- [TASK STATEMENT]
Make an exact copy of all the records that follow, apart from the pictures.

Recorded data
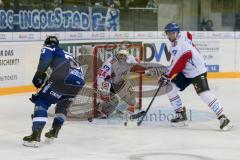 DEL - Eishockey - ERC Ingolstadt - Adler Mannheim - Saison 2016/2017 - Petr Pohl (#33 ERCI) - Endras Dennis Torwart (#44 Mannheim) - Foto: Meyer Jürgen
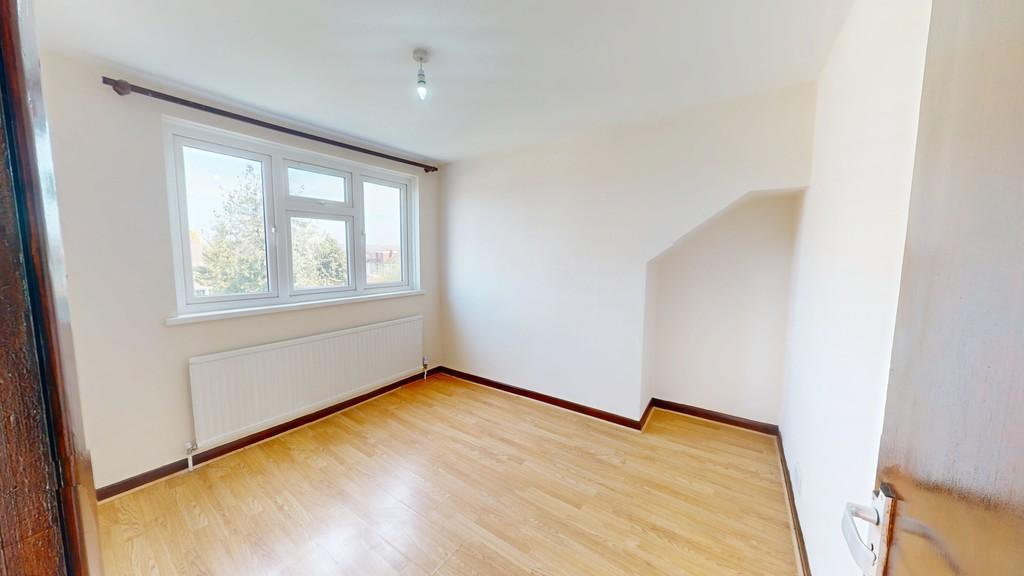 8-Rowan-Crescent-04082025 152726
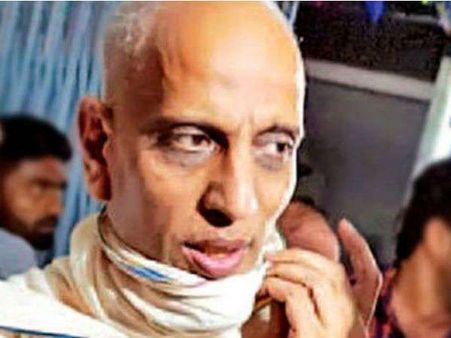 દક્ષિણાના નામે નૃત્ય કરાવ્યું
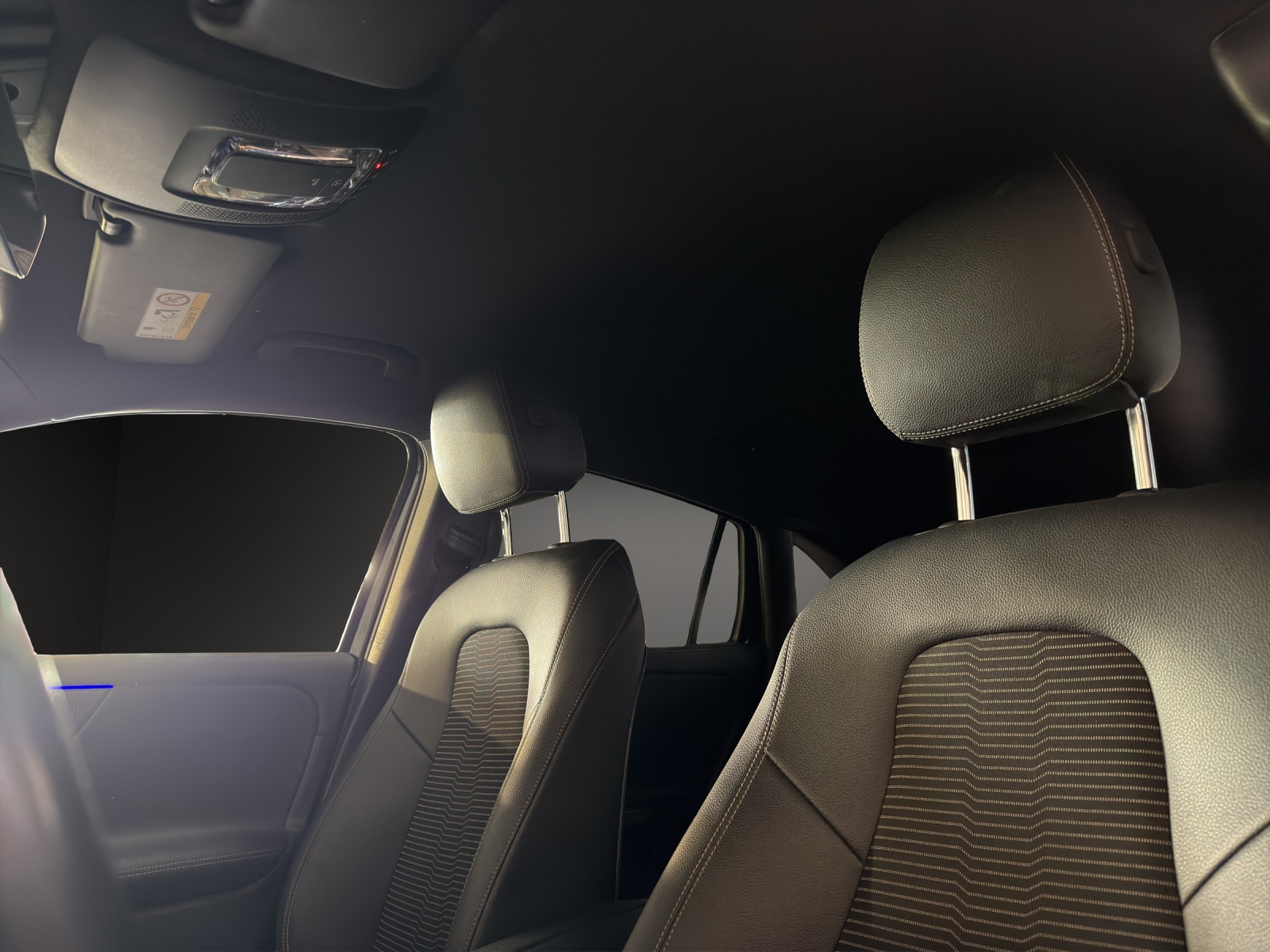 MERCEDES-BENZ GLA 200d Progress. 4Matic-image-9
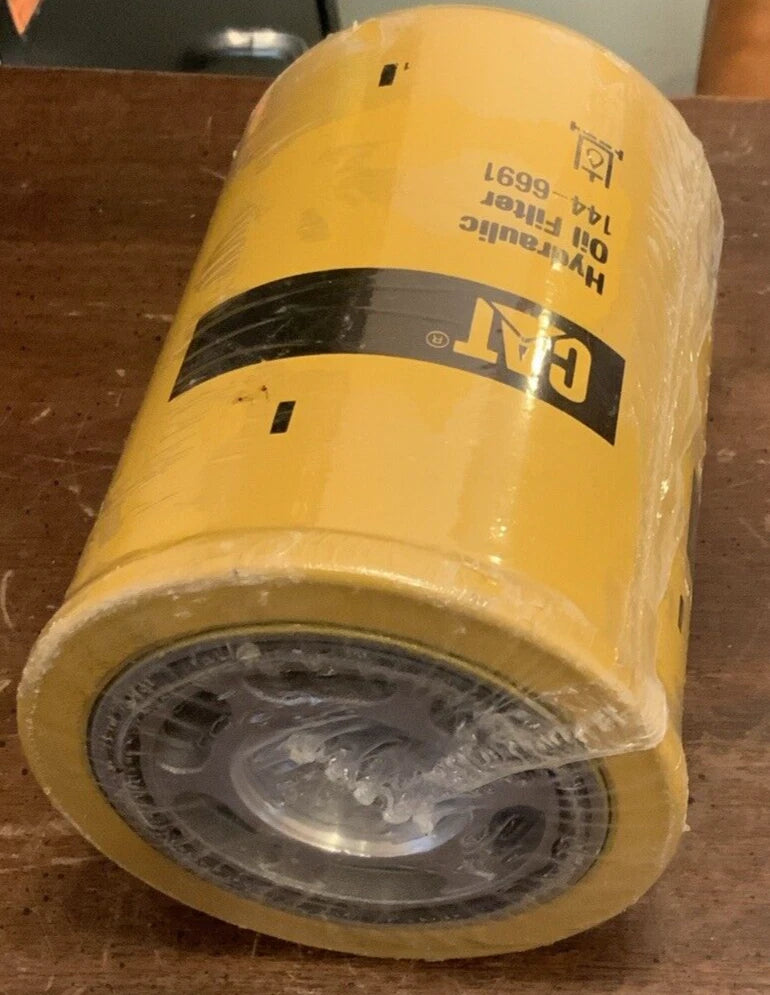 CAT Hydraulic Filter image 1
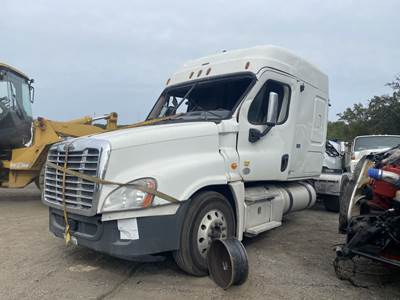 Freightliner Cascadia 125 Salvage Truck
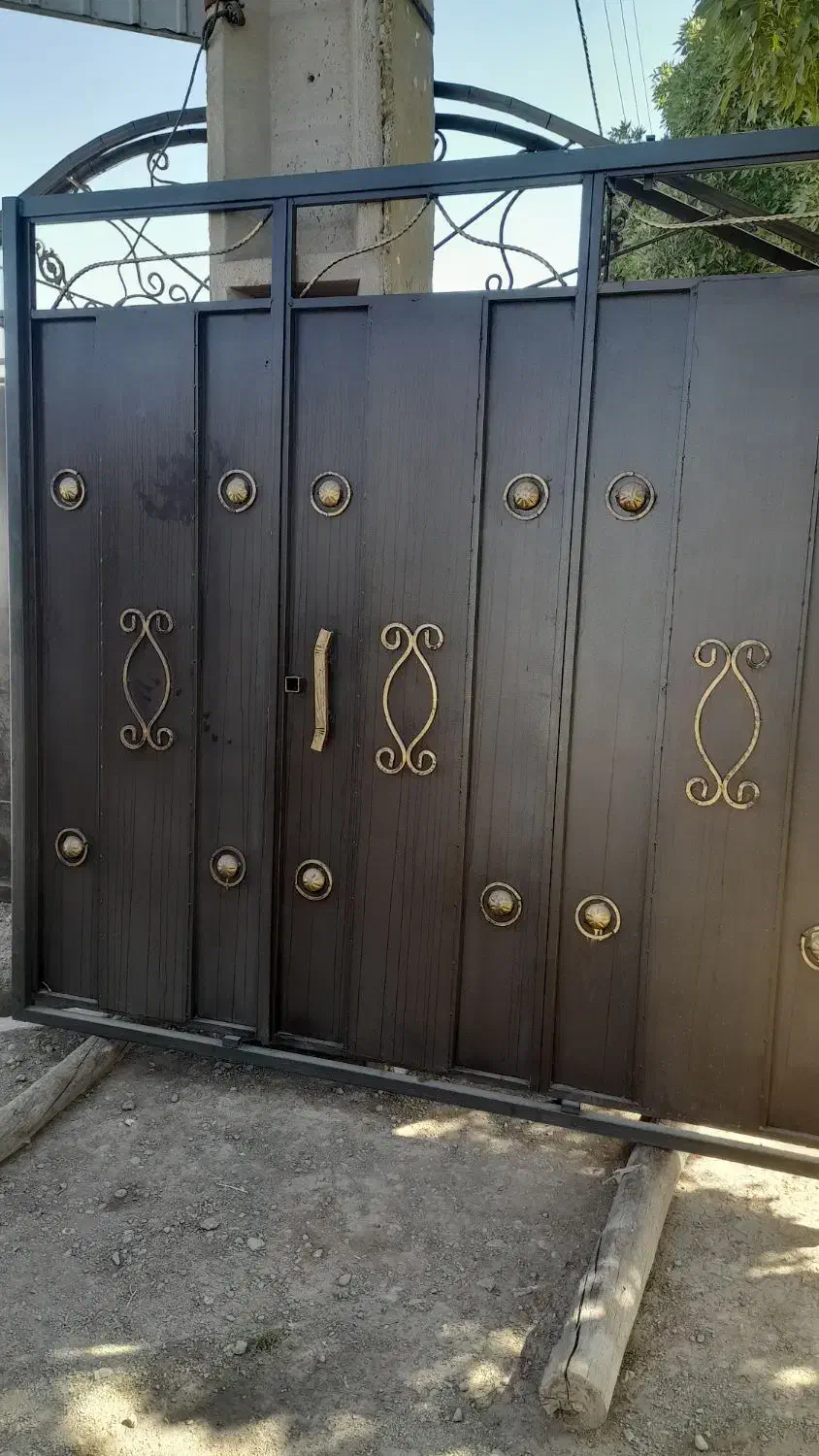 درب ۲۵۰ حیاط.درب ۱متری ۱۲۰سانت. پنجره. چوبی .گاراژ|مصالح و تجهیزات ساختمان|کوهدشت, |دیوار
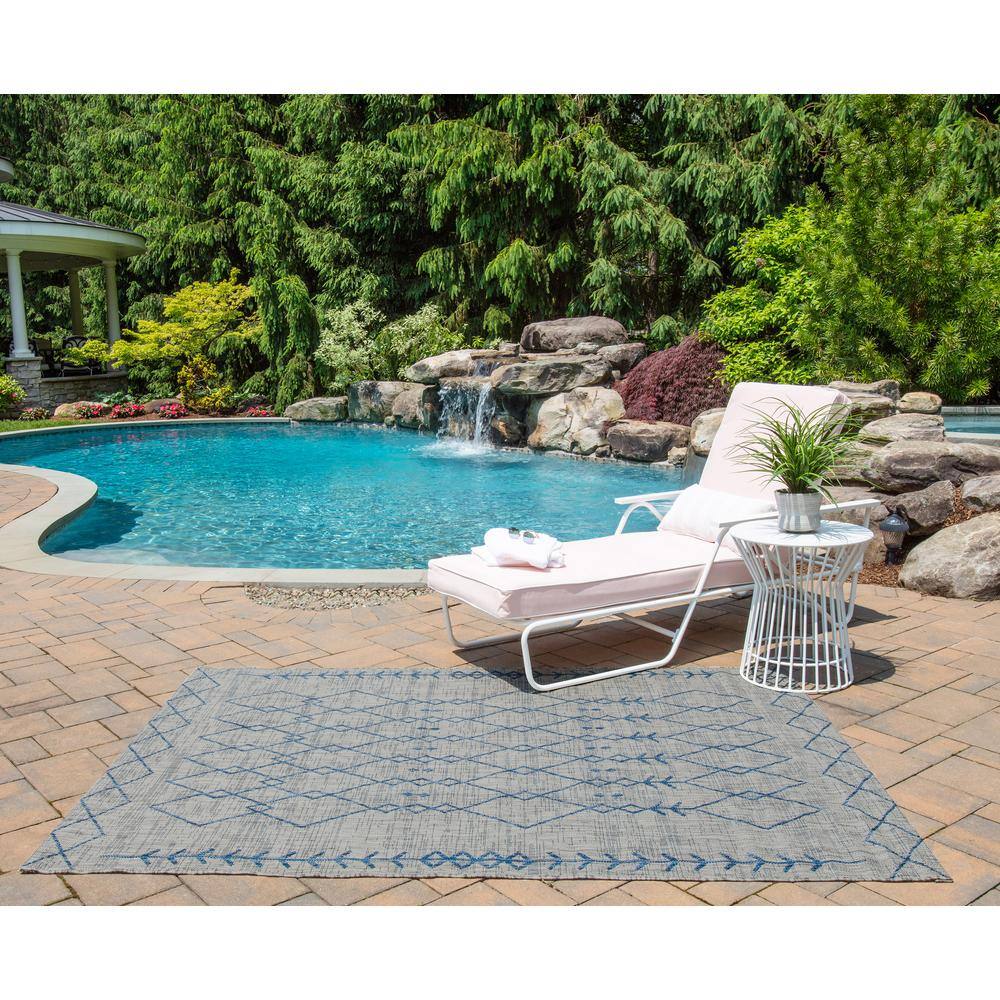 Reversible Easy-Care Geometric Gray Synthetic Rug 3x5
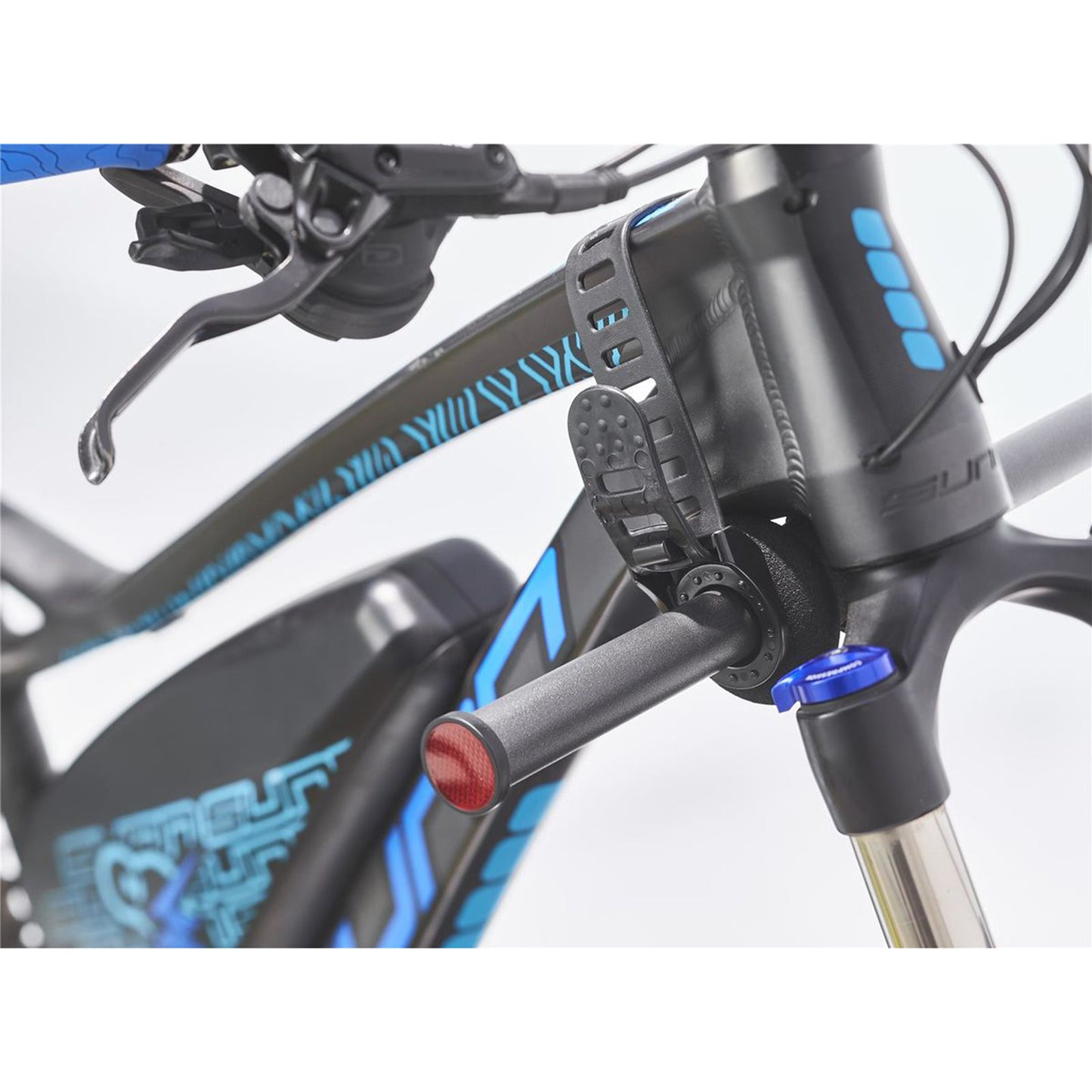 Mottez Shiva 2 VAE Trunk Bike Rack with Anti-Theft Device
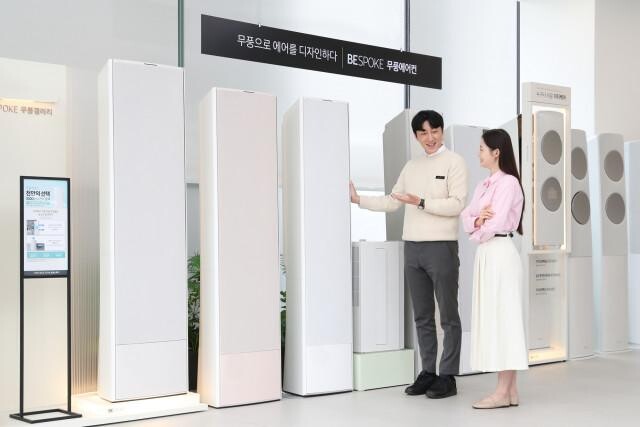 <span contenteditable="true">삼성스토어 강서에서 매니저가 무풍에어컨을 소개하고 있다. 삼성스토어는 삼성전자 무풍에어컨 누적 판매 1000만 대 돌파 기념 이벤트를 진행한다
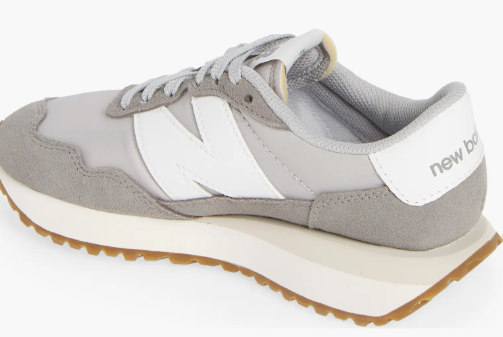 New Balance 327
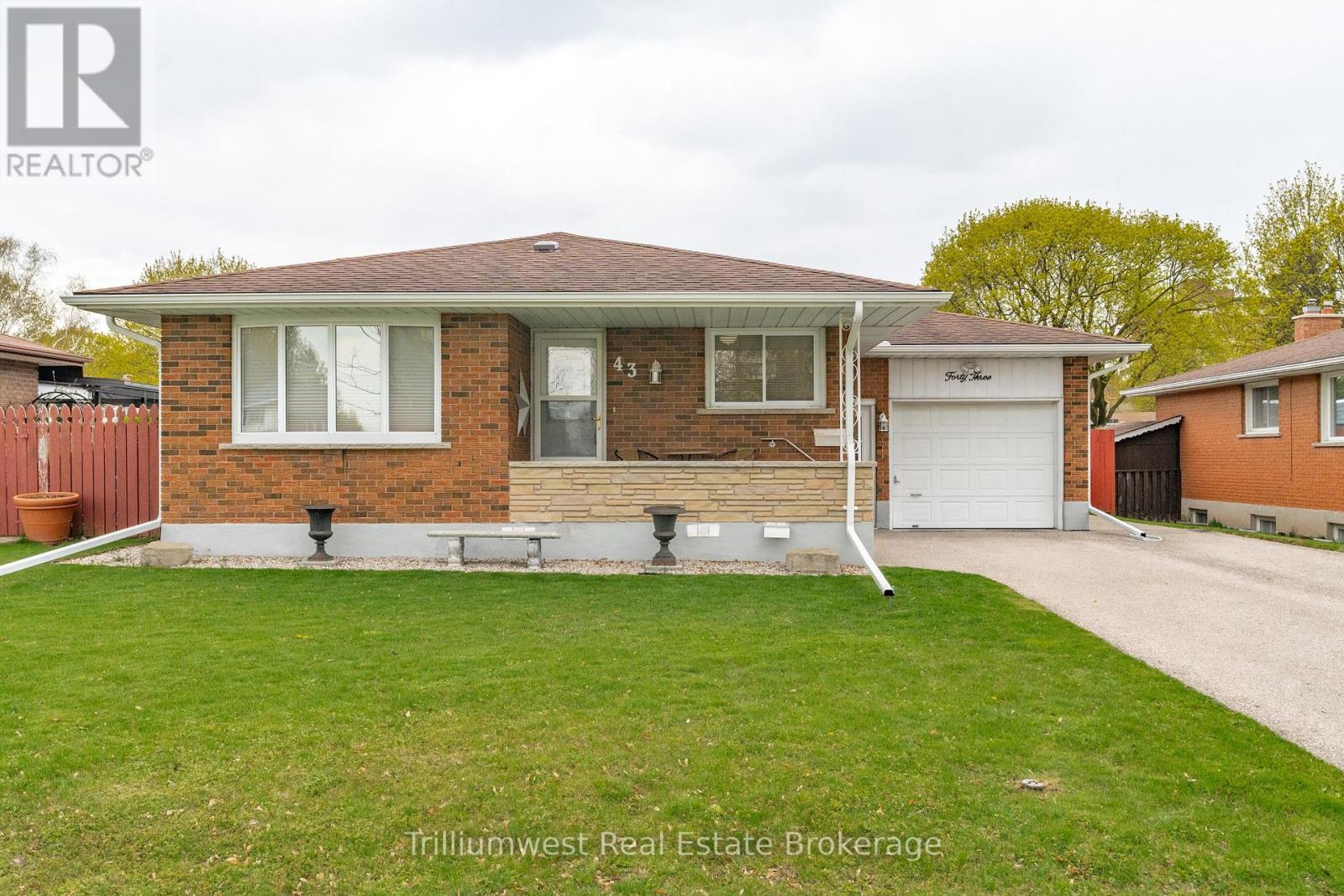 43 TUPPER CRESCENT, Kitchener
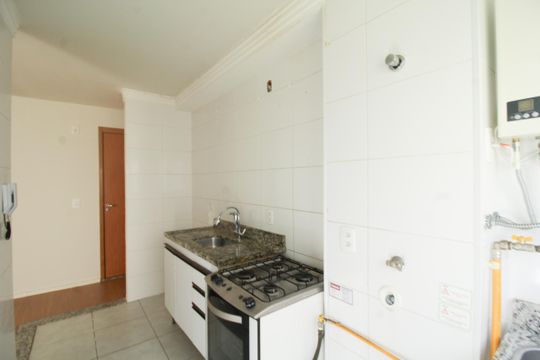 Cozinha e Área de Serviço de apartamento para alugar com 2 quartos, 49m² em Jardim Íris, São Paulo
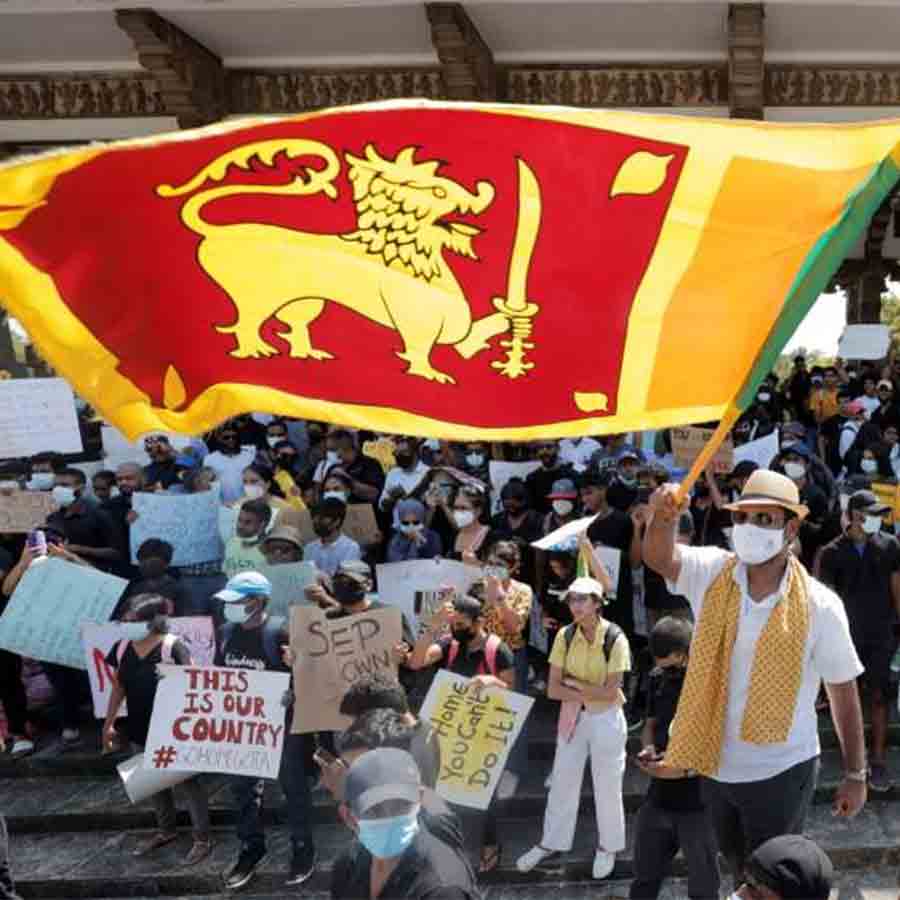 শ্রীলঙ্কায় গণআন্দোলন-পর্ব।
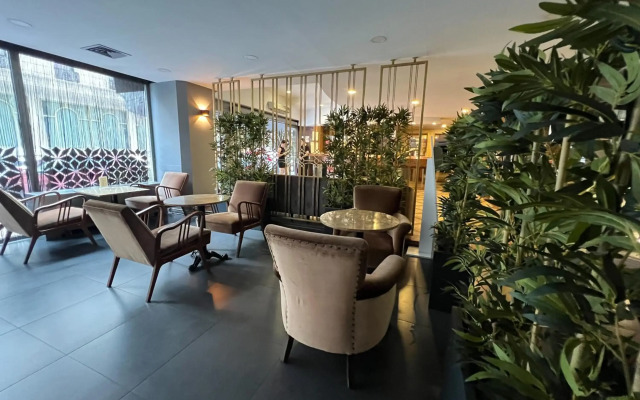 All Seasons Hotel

- [EXERCISE OUTPUT]
 DEL - Eishockey - ERC Ingolstadt - Adler Mannheim - Saison 2016/2017 - Petr Pohl (#33 ERCI) - Endras Dennis Torwart (#44 Mannheim) - Foto: Meyer Jürgen
 8-Rowan-Crescent-04082025 152726
 દક્ષિણાના નામે નૃત્ય કરાવ્યું
 MERCEDES-BENZ GLA 200d Progress. 4Matic-image-9
 CAT Hydraulic Filter image 1
 Freightliner Cascadia 125 Salvage Truck
 درب ۲۵۰ حیاط.درب ۱متری ۱۲۰سانت. پنجره. چوبی .گاراژ|مصالح و تجهیزات ساختمان|کوهدشت, |دیوار
 Reversible Easy-Care Geometric Gray Synthetic Rug 3x5
 Mottez Shiva 2 VAE Trunk Bike Rack with Anti-Theft Device
 <span contenteditable="true">삼성스토어 강서에서 매니저가 무풍에어컨을 소개하고 있다. 삼성스토어는 삼성전자 무풍에어컨 누적 판매 1000만 대 돌파 기념 이벤트를 진행한다
 New Balance 327
 43 TUPPER CRESCENT, Kitchener
 Cozinha e Área de Serviço de apartamento para alugar com 2 quartos, 49m² em Jardim Íris, São Paulo
 শ্রীলঙ্কায় গণআন্দোলন-পর্ব।
 All Seasons Hotel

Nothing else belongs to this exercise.